Word Embedding using Python

Jeril Kuriakose
Analytics Vidhya
Published in
4 min readFeb 18, 2020

--

In this post we will see how to generate word embedding’s and plot a chart for the corresponding words.

Dependencies

- NLTK
- Sklearn
- Gensim
- Plotly
- Pandas

First we need to get a paragraph or text for which we need to find the embeddings, I took a pragraph from here for this post.

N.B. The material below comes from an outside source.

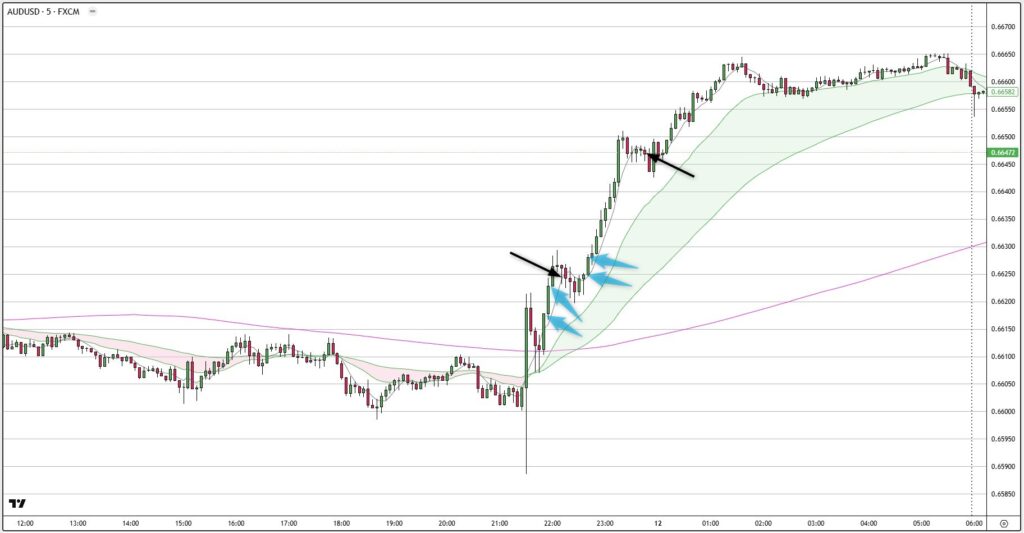 AUDUSD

paragraph = '''Jupiter is the fifth planet from the Sun and the largest in the Solar System. 
It is a gas giant with a mass one-thousandth that of the Sun,
but two-and-a-half times that of all the other planets in the Solar System combined.
Jupiter is one of the brightest objects visible to the naked eye in the night sky,
and has been known to ancient civilizations since before recorded history.
It is named after the Roman god Jupiter. When viewed from Earth,
Jupiter can be bright enough for its reflected light to cast shadows,
and is on average the third-brightest natural object in the night sky after the Moon and Venus.'''

Next we need to tokenize the text, so we use the nltk library to get it done:

import nltk# tokeninizing the paragraph
sent_text = nltk.sent_tokenize(paragraph)
word_text = [nltk.word_tokenize(sent) for sent in sent_text]
print(word_text)

We will get a 2D array after the tokenizing, and will look like the following:

[['Jupiter', 'is', 'the', 'fifth', 'planet', 'from', 'the', 'Sun', 'and', 'the', 'largest', 'in', 'the', 'Solar', 'System', '.'], ['It', 'is', 'a', 'gas', 'giant', 'with', 'a', 'mass', 'one-thousandth', 'that', 'of', 'the', 'Sun', ',', 'but', 'two-and-a-half', 'times', 'that', 'of', 'all', 'the', 'other', 'planets', 'in', 'the', 'Solar', 'System', 'combined', '.'], ['Jupiter', 'is', 'one', 'of', 'the', 'brightest', 'objects', 'visible', 'to', 'the', 'naked', 'eye', 'in', 'the', 'night', 'sky', ',', 'and', 'has', 'been', 'known', 'to', 'ancient', 'civilizations', 'since', 'before', 'recorded', 'history', '.'], ['It', 'is', 'named', 'after', 'the', 'Roman', 'god', 'Jupiter', '.'], ['When', 'viewed', 'from', 'Earth', ',', 'Jupiter', 'can', 'be', 'bright', 'enough', 'for', 'its', 'reflected', 'light', 'to', 'cast', 'shadows', ',', 'and', 'is', 'on', 'average', 'the', 'third-brightest', 'natural', 'object', 'in', 'the', 'night', 'sky', 'after', 'the', 'Moon', 'and', 'Venus', '.']]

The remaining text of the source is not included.